Tribes of eastern India

The Kol people referred to a group of tribal communities of Chotanagpur in eastern parts of India. Historically, the Mundas, Santhal, Ho, and Bhumijs were called Kols by the British.

It also refers to some tribes and castes of south-east Uttar Pradesh, Madhya Pradesh and Maharashtra. They are mostly indigenous people and dependent on forest produce to make a living, and they have their own land. The caste has several exogamous clans, including the Bhil, Chero, Monasi, Rautia, Raut, Gauthiya Rojaboria, kol-teli‚ Rautel and Thakuria. They speak the Baghelkhandi dialect. Around 1 million lives in Madhya Pradesh while another 5 lakh lives in Uttar Pradesh.

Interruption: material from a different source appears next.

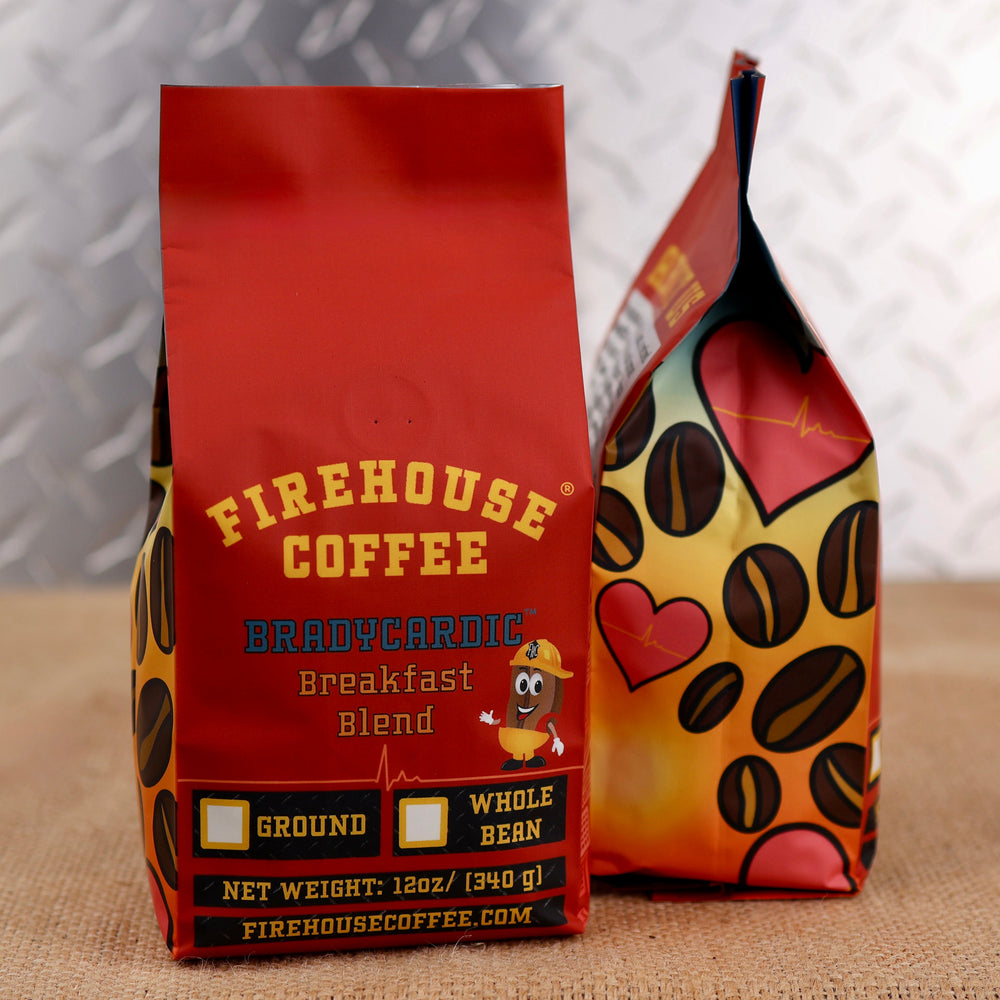 Firehouse Breakfast Blend whole bean or ground coffee in a 12 oz bag. Premium breakfast blend coffee freshly roasted for a smooth, medium-bodied cup with bright acidity and rich, balanced flavor.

Once spelled "Kole", the swaths of land they inhabited in the 19th-century were called "Kolean".

==Etymology==
Kol was generic term for non-Aryan people in Chotanagpur such as Oraon and Munda. The term Kola mentioned in Rigveda. According to legend, Yayati, the son of Nahus divided his kingdom for his five sons. Then after ten generation, India was divided among four brothers; Pandya, Krala, Kola and Chola.

==History==
Colonel Edward Tuite Dalton referred to non-Aryan Kolarian and Dravidian tribals of Chotanagpur as Kol such as Munda, Oraon, Ho, Santal, Bhumij, Juang etc. in his writings in 1867. According to him, the word is epithets of abuse applied by the Brahmin races to the aboriginals who opposed their settlements. In Chotanagpur, the term kol generally applied to Munda and Oraon. Oraon and Munda celebrate the same festivals, but they don't intermarry among themselves.

Later, Colonel Dalton classified Oraon as Dravidian and Munda, along with other Kols such as Ho, Bhumij as Kolarian after observing their customs and traditions which were distinct.